▶ DATA:
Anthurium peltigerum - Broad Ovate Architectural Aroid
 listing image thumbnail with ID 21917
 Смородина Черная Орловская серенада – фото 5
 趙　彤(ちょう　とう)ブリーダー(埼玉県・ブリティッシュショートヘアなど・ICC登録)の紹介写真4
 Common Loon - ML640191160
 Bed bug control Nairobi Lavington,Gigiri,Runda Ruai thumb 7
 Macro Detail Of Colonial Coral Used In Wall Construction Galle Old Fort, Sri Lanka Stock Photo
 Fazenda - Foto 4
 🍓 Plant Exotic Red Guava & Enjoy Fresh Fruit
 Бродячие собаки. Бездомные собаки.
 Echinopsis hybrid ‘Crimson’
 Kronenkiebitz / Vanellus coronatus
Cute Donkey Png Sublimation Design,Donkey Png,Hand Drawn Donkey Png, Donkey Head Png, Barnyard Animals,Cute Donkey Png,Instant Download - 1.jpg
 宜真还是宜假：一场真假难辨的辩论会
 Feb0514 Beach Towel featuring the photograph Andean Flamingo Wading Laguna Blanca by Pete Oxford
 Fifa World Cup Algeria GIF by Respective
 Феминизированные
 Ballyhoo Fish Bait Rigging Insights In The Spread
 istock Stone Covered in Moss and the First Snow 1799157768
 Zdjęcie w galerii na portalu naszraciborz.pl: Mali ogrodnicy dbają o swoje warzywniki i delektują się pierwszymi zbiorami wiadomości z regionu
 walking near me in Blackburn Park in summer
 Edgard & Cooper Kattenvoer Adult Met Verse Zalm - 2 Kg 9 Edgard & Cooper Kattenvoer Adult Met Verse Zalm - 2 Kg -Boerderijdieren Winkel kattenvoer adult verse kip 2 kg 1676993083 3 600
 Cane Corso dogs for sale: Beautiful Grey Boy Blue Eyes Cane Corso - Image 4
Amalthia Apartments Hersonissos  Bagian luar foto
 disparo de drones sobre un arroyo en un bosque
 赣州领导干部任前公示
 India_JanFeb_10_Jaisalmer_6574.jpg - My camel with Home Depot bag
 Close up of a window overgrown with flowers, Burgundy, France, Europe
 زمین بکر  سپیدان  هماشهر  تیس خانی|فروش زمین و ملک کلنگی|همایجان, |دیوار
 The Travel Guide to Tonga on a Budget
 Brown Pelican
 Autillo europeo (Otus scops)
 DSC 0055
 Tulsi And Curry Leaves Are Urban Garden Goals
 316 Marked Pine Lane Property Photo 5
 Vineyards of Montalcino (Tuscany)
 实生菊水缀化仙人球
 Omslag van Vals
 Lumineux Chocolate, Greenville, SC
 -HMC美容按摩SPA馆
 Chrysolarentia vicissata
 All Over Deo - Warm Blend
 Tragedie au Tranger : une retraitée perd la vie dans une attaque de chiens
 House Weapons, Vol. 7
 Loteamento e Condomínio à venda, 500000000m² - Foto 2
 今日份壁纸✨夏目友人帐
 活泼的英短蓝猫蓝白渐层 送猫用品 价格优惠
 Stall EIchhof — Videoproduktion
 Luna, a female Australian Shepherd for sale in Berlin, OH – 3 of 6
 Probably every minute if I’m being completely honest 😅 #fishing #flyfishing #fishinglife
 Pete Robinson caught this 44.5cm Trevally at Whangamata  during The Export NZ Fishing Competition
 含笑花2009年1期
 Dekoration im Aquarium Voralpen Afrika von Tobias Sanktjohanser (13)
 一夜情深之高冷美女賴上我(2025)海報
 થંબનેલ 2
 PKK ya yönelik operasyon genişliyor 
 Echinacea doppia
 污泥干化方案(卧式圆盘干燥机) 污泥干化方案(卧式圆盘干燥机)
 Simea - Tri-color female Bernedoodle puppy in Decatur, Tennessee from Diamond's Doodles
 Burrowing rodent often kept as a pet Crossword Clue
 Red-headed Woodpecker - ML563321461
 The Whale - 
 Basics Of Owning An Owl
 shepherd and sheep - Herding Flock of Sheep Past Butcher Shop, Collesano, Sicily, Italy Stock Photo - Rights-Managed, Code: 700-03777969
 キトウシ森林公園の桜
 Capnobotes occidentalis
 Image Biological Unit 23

▶ INSTRUCTIONS TO FOLLOW: Your answer should be the lines above, from the line containing "宜真还是宜假：一场真假难辨的辩论会" up to and including the line containing "All Over Deo - Warm Blend", reproduced exactly and with nothing else.

▶ RESULT:
 宜真还是宜假：一场真假难辨的辩论会
 Feb0514 Beach Towel featuring the photograph Andean Flamingo Wading Laguna Blanca by Pete Oxford
 Fifa World Cup Algeria GIF by Respective
 Феминизированные
 Ballyhoo Fish Bait Rigging Insights In The Spread
 istock Stone Covered in Moss and the First Snow 1799157768
 Zdjęcie w galerii na portalu naszraciborz.pl: Mali ogrodnicy dbają o swoje warzywniki i delektują się pierwszymi zbiorami wiadomości z regionu
 walking near me in Blackburn Park in summer
 Edgard & Cooper Kattenvoer Adult Met Verse Zalm - 2 Kg 9 Edgard & Cooper Kattenvoer Adult Met Verse Zalm - 2 Kg -Boerderijdieren Winkel kattenvoer adult verse kip 2 kg 1676993083 3 600
 Cane Corso dogs for sale: Beautiful Grey Boy Blue Eyes Cane Corso - Image 4
Amalthia Apartments Hersonissos  Bagian luar foto
 disparo de drones sobre un arroyo en un bosque
 赣州领导干部任前公示
 India_JanFeb_10_Jaisalmer_6574.jpg - My camel with Home Depot bag
 Close up of a window overgrown with flowers, Burgundy, France, Europe
 زمین بکر  سپیدان  هماشهر  تیس خانی|فروش زمین و ملک کلنگی|همایجان, |دیوار
 The Travel Guide to Tonga on a Budget
 Brown Pelican
 Autillo europeo (Otus scops)
 DSC 0055
 Tulsi And Curry Leaves Are Urban Garden Goals
 316 Marked Pine Lane Property Photo 5
 Vineyards of Montalcino (Tuscany)
 实生菊水缀化仙人球
 Omslag van Vals
 Lumineux Chocolate, Greenville, SC
 -HMC美容按摩SPA馆
 Chrysolarentia vicissata
 All Over Deo - Warm Blend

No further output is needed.